**Problem details**
Beneath this line are entries. Copy the range from the line with "Udog Scarpe Da" to the line with "Apartamento à venda com 57m², 2 quartos e 1 vaga Apartamento", ends included, exactly; leave pictures out.

[Task inputs — start]

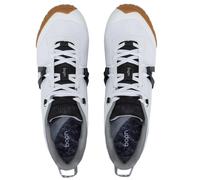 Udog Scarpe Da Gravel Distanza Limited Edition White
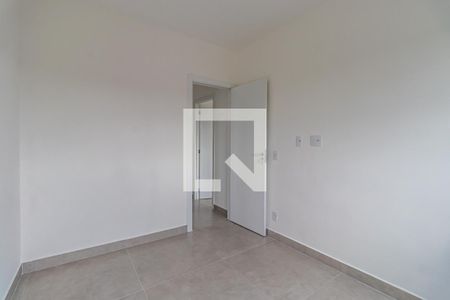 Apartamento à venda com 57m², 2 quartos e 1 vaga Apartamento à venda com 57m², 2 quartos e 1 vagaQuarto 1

[Task inputs — finish]
[Task inputs — start]

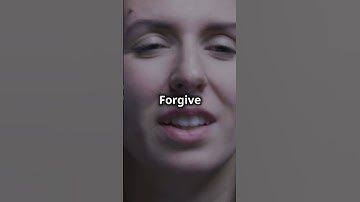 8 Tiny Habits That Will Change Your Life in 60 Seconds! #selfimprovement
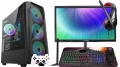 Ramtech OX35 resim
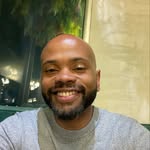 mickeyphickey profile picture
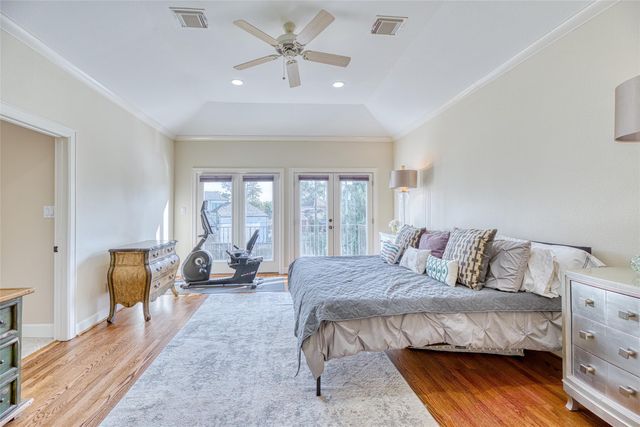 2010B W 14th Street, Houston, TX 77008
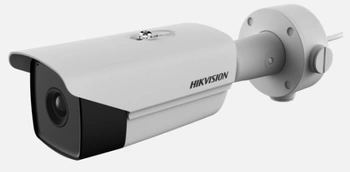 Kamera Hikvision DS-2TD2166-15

[Task inputs — finish]
[Task inputs — start]

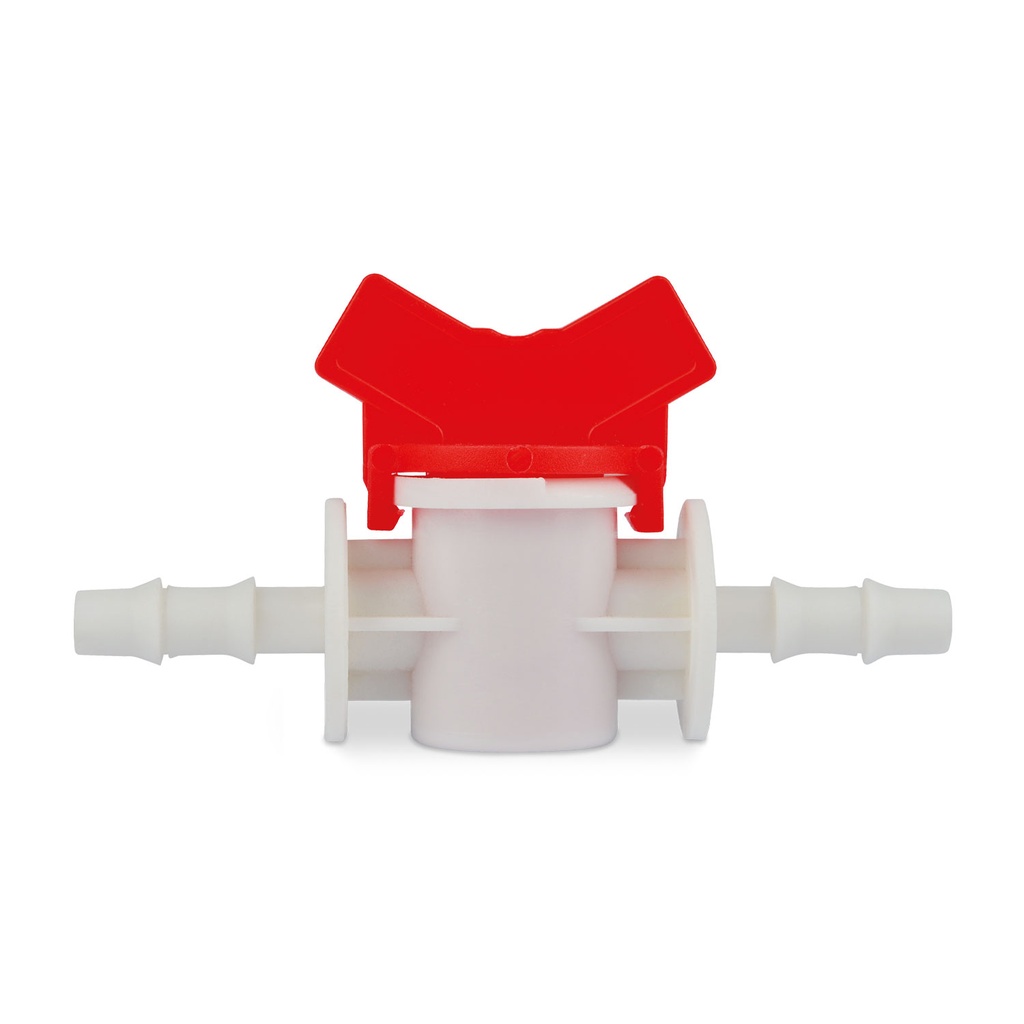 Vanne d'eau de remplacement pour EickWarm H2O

[Task inputs — finish]

**Exercise solution**
 Udog Scarpe Da Gravel Distanza Limited Edition White
 Apartamento à venda com 57m², 2 quartos e 1 vaga Apartamento à venda com 57m², 2 quartos e 1 vagaQuarto 1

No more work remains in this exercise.